● **Assigned task**: Send back the line that contains "kuža leži pred ventilatorjem in se hladi" and all lines following it through the end of the data below, exactly, omitting pictures.

● **Source information**:
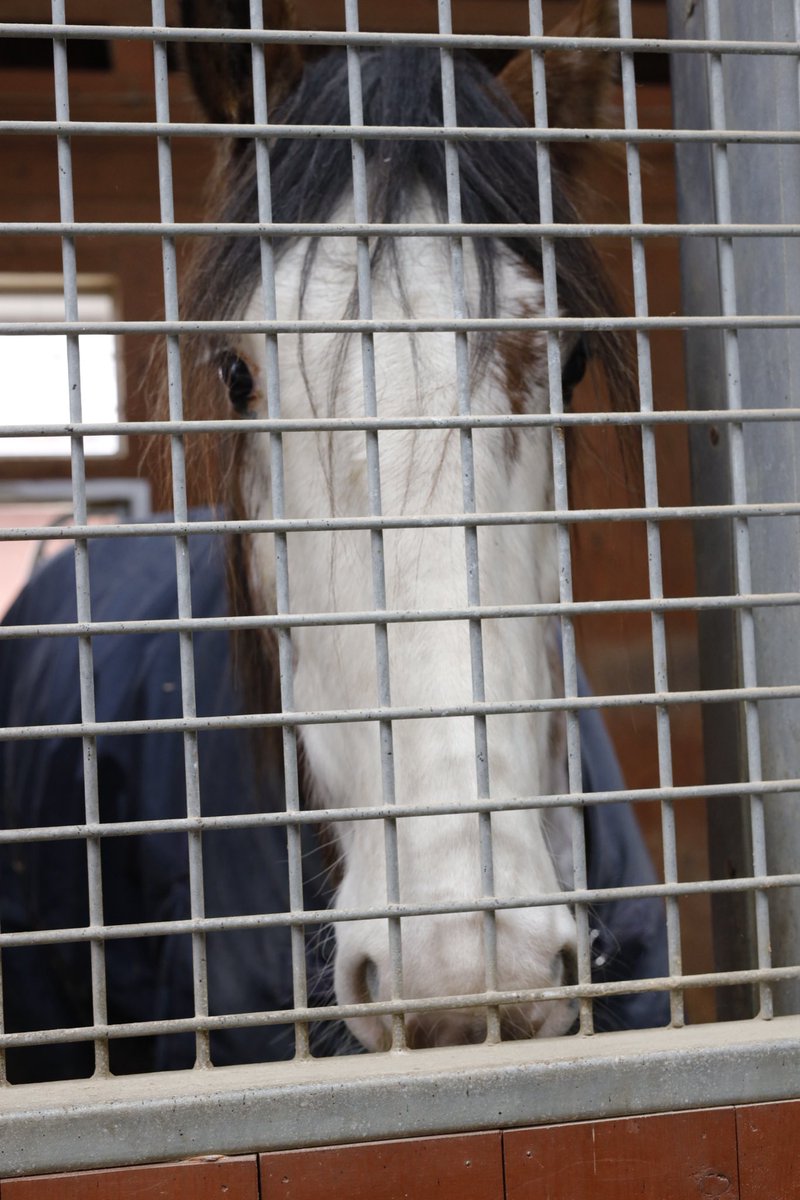 ushiropotun_223's tweet image. ノーザンホースパークのお馬さんたち②

#ノーザンホースパーク
#CanonEOSR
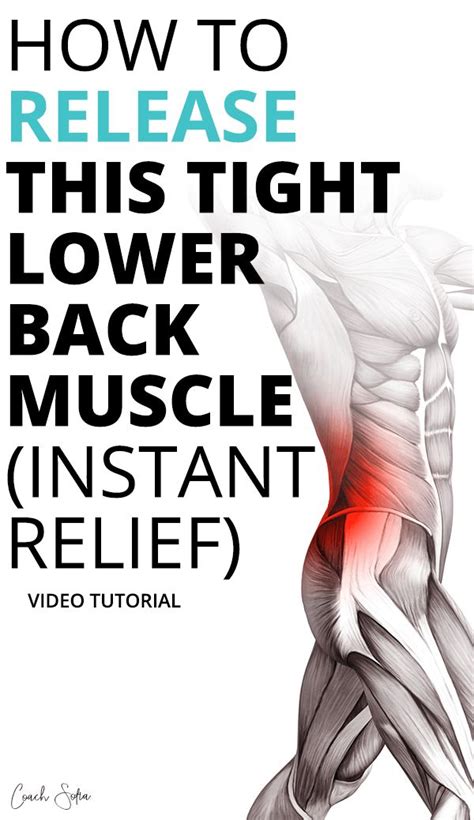 Low back strain typically worsens with specific movements that activate the affected. Pin on Back Pain Relief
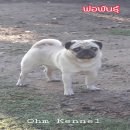 พ่อพันธุ์ปั๊กรับผสม อยู่โคราช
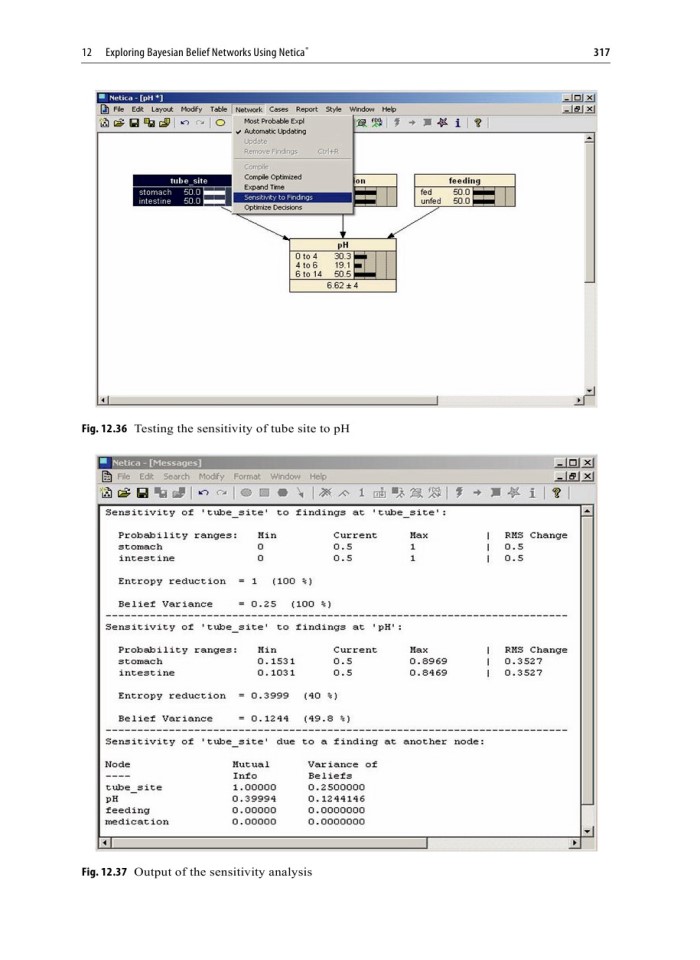 image for page Exploring Bayesian Belief Networks Using Netica
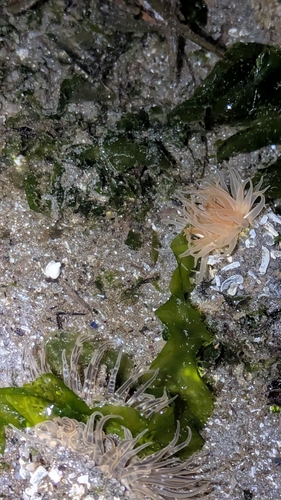 Anthopleura observed 2026-10-27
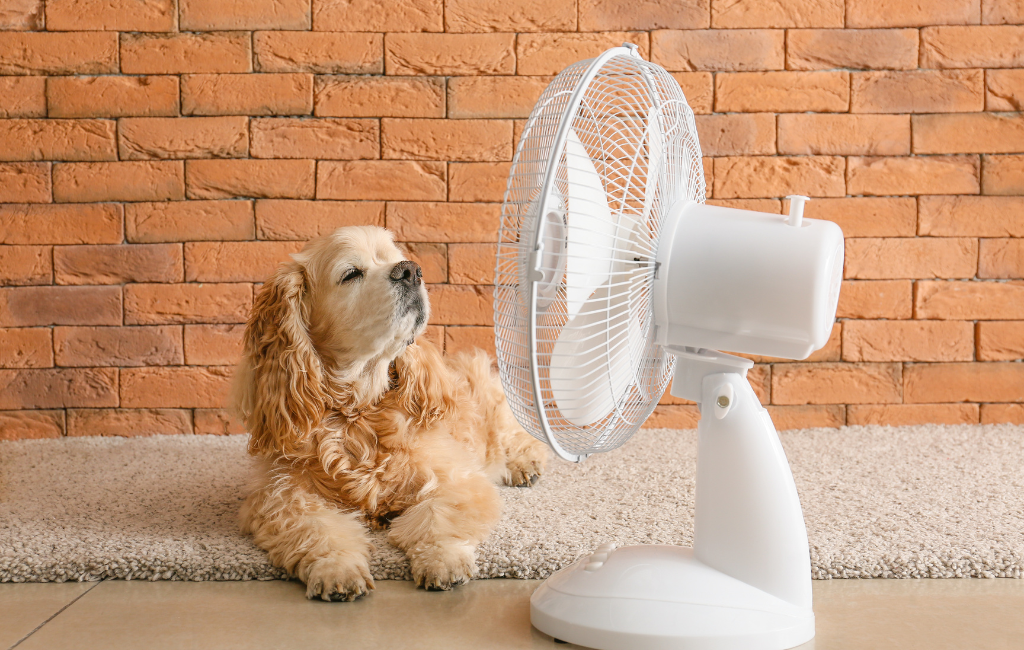 kuža leži pred ventilatorjem in se hladi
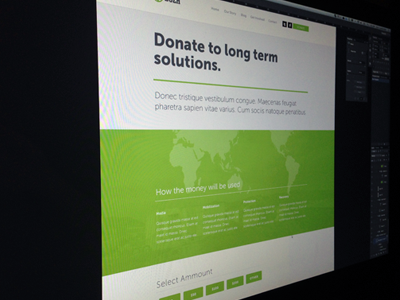 Donate page clean donate form green hero web desigm white world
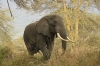 02-Elephants in Tanzania have the longest tusks in Africa because of Phosphorus in the soil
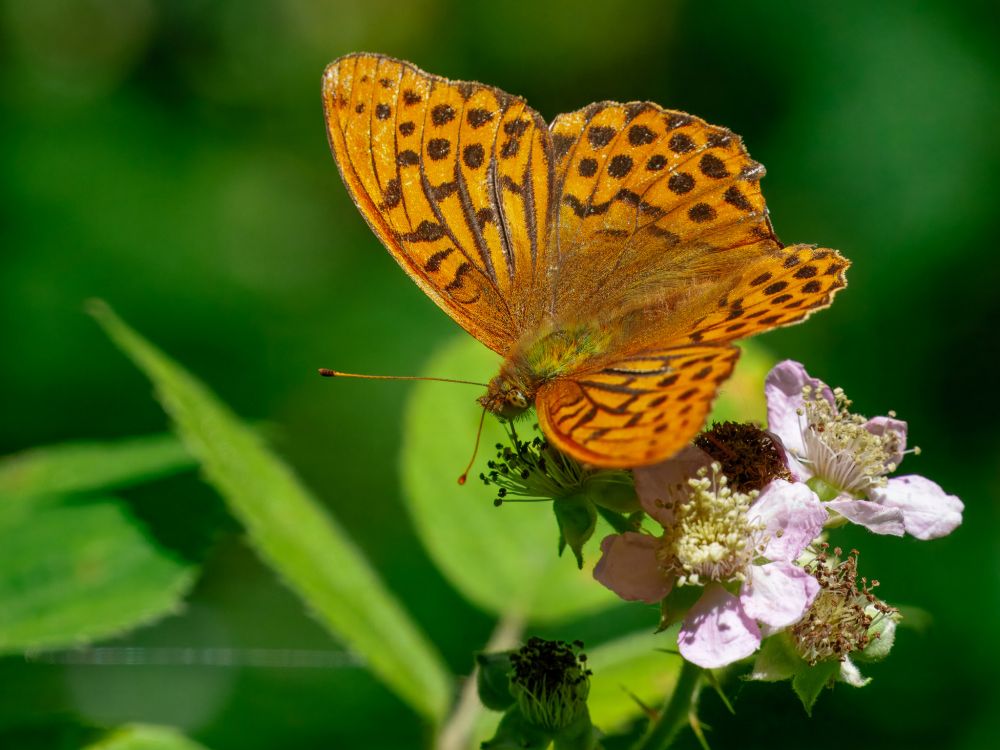 Silver-washed Fritillary 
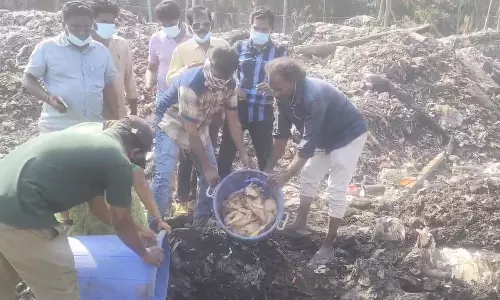 No fresh cases of infection reported in AP, say officials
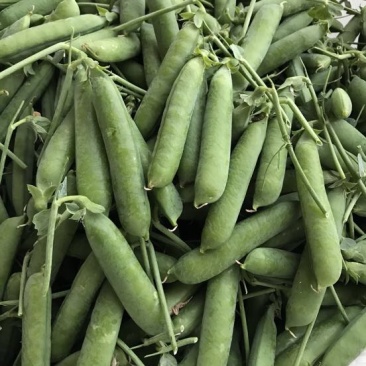长寿仁豌豆饱满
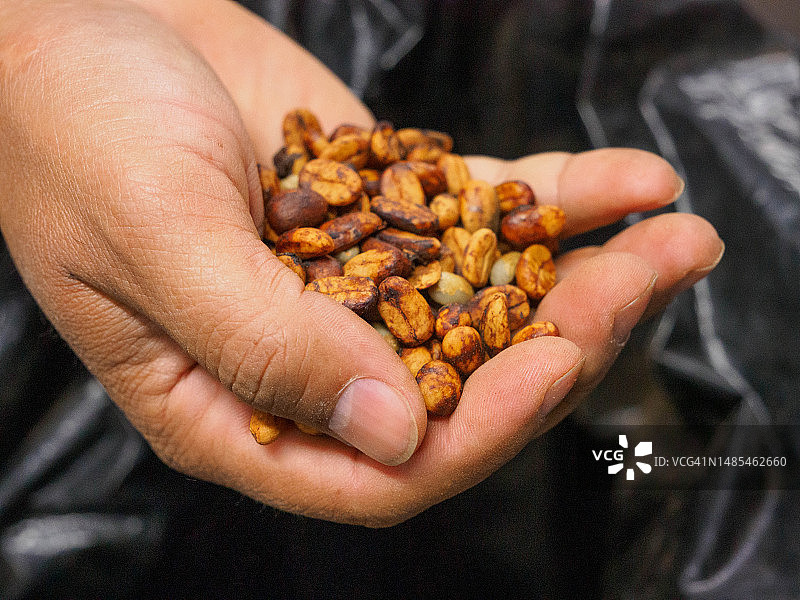 巴拿马西部博克特镇咖啡种植园中未烘焙的咖啡豆图片素材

● **Task result**:
 kuža leži pred ventilatorjem in se hladi
 Donate page clean donate form green hero web desigm white world
 02-Elephants in Tanzania have the longest tusks in Africa because of Phosphorus in the soil
 Silver-washed Fritillary 
 No fresh cases of infection reported in AP, say officials
长寿仁豌豆饱满
 巴拿马西部博克特镇咖啡种植园中未烘焙的咖啡豆图片素材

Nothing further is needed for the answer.